Over the past 30 years, administrations have spent more than $100 million trying to automate the old-fashioned process in the mine and make it run at the speed of computers.
So now the mine continues to run at the speed of human fingers and feet. That failure imposes costs on federal retirees, who have to wait months for their full benefit checks. And it has imposed costs on the taxpayer: The Obama administration has now made the mine run faster, but mainly by paying for more fingers and feet.
The staff working in the mine has increased by at least 200 people in the past five years. And the cost of processing each claim has increased from $82 to $108, as total spending on the retirement system reached $55.8 million.
In a statement issued Saturday, OPM director Katherine Archuleta said: "I do not believe that the current level of service is acceptable." She added that modernizing the system is a priority for her.
This is how the mine works:
Step 1 begins when a federal employee submits retirement paperwork to his or her own agency. That happens at least 100,000 times a year. Within a few days, the government starts sending "interim payments" to the retirees -- checks worth about 80 percent of their full pensions. This is meant to tide them over while the mine works on the case.
But why is it in a cave at all?
The answer to that question is that, back in 1958, the U.S. government was in the market for storage space. It needed 30,000 square feet to hold personnel files that were being relocated from a building in Washington, D.C. Officials looked at buildings in Richmond, Va., and Syracuse, N.Y., before choosing this place, an underground complex where 1,000 workers had once cut limestone to feed the steel mills.
A private company had turned the place into an enormous safe-deposit box: safe from the weather and the Soviets, kept naturally cool as a cave. Today, the complex is owned by the company Iron Mountain, which leases out other caverns to store old Hollywood movie reels and photo archives.
The government moved its old records to Boyers in 1960. At first, it was just a file room. Records were shipped to Washington for processing. But over time, the government began to hire more people to work in the mine itself.
For workers inside the mine, Step 2 in the paperwork process is to take the retiree's newly arrived file and match it up with any records already stored in the mine.
In about 15 percent of the cases, that means a long walk into the mine's eight massive file caverns. Inside, they are empty enough to be spooky.

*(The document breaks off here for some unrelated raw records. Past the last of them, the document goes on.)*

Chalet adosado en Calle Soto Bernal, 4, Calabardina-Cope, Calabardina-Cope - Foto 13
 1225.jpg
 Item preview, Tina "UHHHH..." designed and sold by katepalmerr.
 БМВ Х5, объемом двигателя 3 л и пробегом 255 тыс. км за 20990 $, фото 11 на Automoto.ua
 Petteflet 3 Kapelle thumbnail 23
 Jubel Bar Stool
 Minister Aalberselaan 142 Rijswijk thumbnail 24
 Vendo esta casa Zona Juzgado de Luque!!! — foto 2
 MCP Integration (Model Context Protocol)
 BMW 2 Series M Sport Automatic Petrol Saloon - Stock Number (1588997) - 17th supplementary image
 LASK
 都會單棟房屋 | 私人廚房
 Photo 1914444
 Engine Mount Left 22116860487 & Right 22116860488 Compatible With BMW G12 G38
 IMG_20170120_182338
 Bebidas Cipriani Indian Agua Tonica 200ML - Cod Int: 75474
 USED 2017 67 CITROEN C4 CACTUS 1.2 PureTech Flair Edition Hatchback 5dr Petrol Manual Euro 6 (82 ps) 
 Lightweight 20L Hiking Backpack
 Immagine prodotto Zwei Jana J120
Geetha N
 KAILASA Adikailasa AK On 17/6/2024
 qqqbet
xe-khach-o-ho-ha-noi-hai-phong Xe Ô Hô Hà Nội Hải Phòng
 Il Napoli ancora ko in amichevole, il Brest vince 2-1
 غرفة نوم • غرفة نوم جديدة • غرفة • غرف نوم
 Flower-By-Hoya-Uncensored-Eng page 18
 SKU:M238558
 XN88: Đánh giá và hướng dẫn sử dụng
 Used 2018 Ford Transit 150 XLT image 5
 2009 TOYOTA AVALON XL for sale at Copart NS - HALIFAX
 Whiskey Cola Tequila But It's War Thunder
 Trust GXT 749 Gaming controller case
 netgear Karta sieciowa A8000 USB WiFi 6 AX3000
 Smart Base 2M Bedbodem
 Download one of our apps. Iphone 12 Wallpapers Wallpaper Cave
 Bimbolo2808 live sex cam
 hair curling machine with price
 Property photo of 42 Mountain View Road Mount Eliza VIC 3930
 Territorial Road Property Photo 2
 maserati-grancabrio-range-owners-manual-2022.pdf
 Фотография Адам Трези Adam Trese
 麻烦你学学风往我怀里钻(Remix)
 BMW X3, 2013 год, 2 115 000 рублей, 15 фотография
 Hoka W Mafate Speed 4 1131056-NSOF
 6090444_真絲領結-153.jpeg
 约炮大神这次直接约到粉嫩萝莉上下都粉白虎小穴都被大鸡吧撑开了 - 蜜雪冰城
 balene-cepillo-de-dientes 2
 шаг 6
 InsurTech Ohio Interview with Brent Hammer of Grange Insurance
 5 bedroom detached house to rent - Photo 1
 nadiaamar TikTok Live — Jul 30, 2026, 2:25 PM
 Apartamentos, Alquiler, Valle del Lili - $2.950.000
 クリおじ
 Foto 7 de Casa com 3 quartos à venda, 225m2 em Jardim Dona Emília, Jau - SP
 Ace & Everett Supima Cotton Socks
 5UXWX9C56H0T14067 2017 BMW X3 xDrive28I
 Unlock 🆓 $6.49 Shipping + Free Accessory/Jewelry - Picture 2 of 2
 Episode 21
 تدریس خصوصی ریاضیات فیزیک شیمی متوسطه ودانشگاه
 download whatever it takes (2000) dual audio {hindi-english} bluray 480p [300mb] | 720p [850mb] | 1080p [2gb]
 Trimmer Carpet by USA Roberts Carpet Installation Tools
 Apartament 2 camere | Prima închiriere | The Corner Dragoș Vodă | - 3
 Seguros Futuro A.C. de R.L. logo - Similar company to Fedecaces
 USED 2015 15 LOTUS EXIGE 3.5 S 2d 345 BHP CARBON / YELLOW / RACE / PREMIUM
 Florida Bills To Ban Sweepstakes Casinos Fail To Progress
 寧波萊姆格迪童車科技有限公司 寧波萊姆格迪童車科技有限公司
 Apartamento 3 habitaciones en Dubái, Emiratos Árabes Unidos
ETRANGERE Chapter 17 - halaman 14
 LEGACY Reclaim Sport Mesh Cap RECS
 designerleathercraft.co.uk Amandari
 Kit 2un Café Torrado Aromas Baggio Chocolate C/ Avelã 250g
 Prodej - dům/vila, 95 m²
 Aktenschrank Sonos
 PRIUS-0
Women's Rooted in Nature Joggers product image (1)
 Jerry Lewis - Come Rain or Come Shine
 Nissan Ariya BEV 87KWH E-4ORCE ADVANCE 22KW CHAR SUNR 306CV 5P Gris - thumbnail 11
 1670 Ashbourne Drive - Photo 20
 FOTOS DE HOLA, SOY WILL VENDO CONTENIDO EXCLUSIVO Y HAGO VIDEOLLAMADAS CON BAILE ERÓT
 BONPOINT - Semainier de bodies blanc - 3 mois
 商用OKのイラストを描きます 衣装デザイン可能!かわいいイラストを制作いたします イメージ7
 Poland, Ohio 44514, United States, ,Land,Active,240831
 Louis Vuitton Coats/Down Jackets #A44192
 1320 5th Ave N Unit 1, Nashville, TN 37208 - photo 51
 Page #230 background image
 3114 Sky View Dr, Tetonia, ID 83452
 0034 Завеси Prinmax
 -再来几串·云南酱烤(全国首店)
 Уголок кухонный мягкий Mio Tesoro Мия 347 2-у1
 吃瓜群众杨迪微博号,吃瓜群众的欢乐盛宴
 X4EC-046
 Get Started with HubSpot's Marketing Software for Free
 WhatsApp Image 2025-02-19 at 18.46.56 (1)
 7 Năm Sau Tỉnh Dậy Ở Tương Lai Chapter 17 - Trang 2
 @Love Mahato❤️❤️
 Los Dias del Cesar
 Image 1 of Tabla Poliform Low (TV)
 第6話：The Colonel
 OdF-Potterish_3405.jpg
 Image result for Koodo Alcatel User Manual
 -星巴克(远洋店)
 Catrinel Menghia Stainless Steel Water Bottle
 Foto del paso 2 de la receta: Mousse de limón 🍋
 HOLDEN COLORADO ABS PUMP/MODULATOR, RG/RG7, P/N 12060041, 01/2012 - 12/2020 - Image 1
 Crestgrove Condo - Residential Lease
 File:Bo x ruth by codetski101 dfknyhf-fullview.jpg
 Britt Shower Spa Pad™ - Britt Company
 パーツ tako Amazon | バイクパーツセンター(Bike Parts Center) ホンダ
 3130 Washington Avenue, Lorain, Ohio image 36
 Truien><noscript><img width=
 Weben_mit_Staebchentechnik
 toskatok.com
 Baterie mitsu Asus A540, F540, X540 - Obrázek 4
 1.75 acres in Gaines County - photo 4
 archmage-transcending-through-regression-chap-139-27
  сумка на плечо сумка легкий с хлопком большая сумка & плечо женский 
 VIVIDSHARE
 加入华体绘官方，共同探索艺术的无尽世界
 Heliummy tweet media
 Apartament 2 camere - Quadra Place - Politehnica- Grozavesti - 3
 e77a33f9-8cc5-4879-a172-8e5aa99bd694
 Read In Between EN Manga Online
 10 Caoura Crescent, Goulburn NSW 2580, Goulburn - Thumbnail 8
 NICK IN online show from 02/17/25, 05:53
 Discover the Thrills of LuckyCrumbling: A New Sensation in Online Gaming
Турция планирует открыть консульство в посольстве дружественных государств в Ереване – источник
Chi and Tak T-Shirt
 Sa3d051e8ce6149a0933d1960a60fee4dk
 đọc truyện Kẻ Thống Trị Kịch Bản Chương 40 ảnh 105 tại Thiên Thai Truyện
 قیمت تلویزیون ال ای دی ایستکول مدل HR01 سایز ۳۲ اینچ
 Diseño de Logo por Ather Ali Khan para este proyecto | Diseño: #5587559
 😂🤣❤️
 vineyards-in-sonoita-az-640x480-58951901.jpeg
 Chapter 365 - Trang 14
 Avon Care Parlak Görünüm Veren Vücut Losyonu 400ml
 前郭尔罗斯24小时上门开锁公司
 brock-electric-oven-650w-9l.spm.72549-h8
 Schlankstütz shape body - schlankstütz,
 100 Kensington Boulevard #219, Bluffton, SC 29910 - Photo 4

In most cases, however, Step 2 can be completed without a walk. The retiree's files have been scanned into a digital archive and can be looked up on a computer.
But there's a problem: All the information must go in the retiree's manila folder.
And you can't put a computer file in a manila folder.
"We do print them out, right now. But we won't in the future," said Doug Berger, who supervises this operation. The printed-out documents are put in the folder, and it continues.
Now, Step 3: The file moves around the corner to an adjacent cavern. The workers there have a vital but frustrating job. They must call, email, fax, badger and harass workers in other federal agencies to find paperwork that has been left out of the file.
Step 3 usually takes a few days to a few weeks. But if anybody's file is misplaced along the way, it slows everybody's work down.
Finally, when all the file's missing papers are found, the file moves on to a new set of workers in a new set of caverns.
This is Step 4.
Now that all the retiree's digital data have been turned into paperwork, these workers turn that paperwork into digital data again. They type all the pertinent information into a computer, by hand.
When all the data are entered into the computer, it is onto Step 5. Another employee reviews the case to be sure the data were entered correctly. Then, at last, the case is "triggered." The retiree gets the full check.
That process now takes, on average, at least 61 days. That's the same amount of time it took in 1977, according to a federal audit from that time. Many state retirement systems, which also handle large loads of employees, do it much faster. Florida takes 47 days. The California teachers' retirement system takes 23. Texas takes two.